Compute performance degradation except when in Remote Desktop

I’m experiencing slow performance of an application employing CUDA to do all sorts of image processing operations (some functions from the OpenCV cuda modules + a few kernels that I coded myself). However, when I connect through Windows Remote Desktop to the PC that will run the application instead of actually being in front of the screen, and restart the application, performance is correct.

I can share a small application + source code that illustrates the slow-down. The app executes a sequence of CUDA operations in a loop: upload an image to the device, perform various dummy image processing operations, download an image result back to the host. It measures the average execution time of ~100 iterations.

  • running while in front of the physical screen: 43 ms / iteration
  • running while connected through remote desktop: 33 ms / iteration

Any ideas would be appreciated!

Build environment details:

  • C++ application built on Windows 10 with VS2017, using Cuda Toolkit 10.1 update 2
  • Code generation setup in the VS project (for my own functions): compute_50,sm_50;compute_60,sm_61
  • Linking against OpenCV 3.4.2 built with the same VS and Cuda Toolkit;
    • OpenCV cmake settings:
      • CUDA_ARCH_BIN=5.0 6.1 7.5
      • CUDA_ARCH_PTX=7.0

Environment in which the application must run:

  • Windows 7 x64
  • Quadro P4000
  • (there is also integrated graphics from Intel present)
  • driver tested: 431.86
  • screen connected through a HDMI cable to the Quadro P4000
    OR
    • doing a Windows Remote Desktop from a nearby PC

I would guess it is the card updating the video image that is causing your slowdown. When you use WRD there are no graphics to update so you don’t see the slowdown.

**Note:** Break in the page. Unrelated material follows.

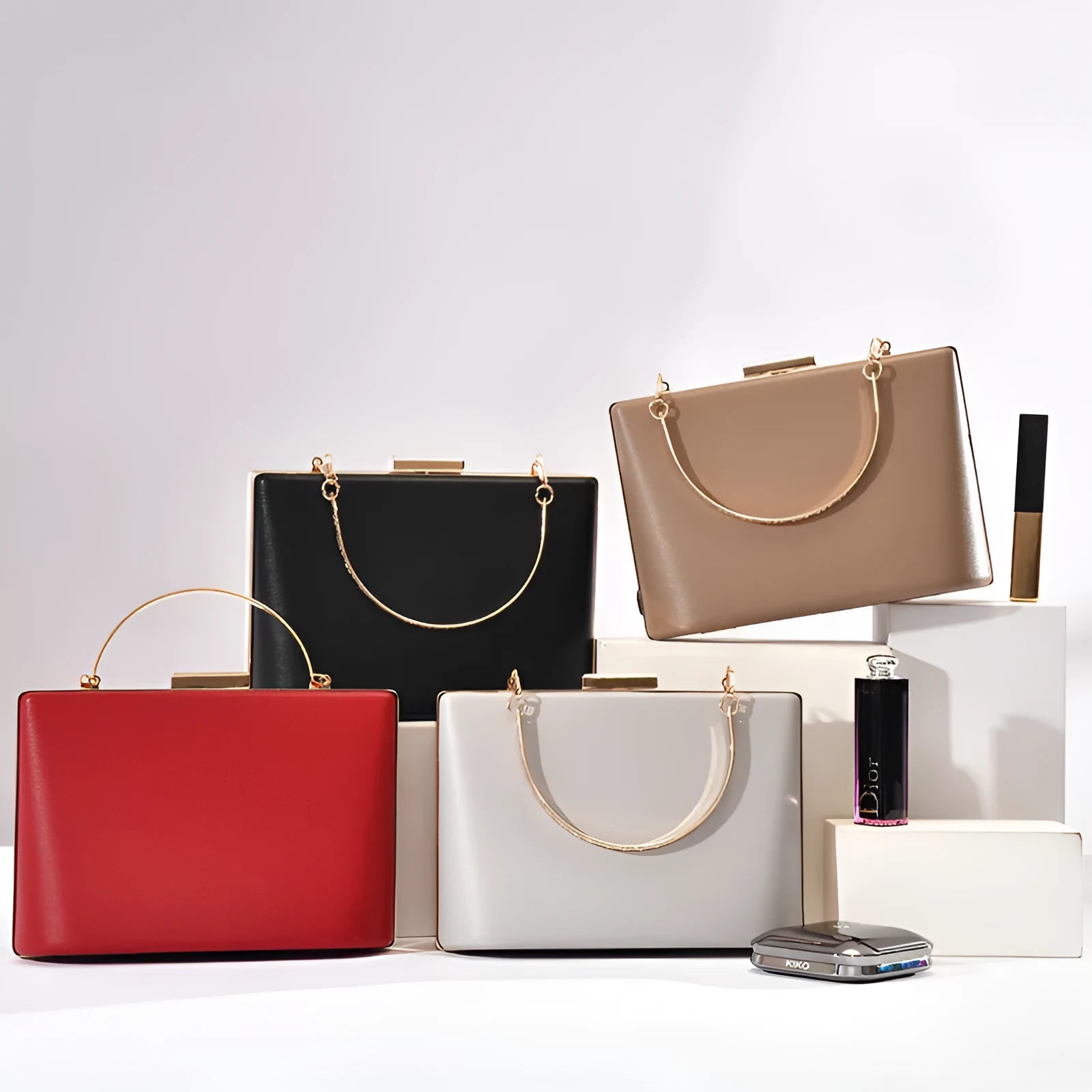 Solid Colour European and American Style Simple Double Ring PU Leather Pillow Shape Crossbody Bag for Daily Use Available in Black, Brown, Red and White 18.5x13.5x7 cm Small Bag for Mobile Phone Storage in Multiple Colour Options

This is just a guess but it should be verifiable. Try using just the integrated graphics, not the P4000, and you should see the faster performance if this is the cause.

We did actually test in the past to use the integrated graphics for display (although a different version of the software, with CUDA 9.0 instead of 10.1 and an older Nvidia driver), but counter intuitively, compute was slightly faster when the display was connected to the P4000. Maybe the P4000 was still the one rendering the image to display, and then feeding it back to the integrated gpu?
We’ll have to perform more tests, with/without integrated graphics, and also on Win10.

I did more tests on a group of Win10 PCs, and the issue “miraculously” disappears. Since we were going to migrate everything to Win10 in the near future, I guess this fixes our issues.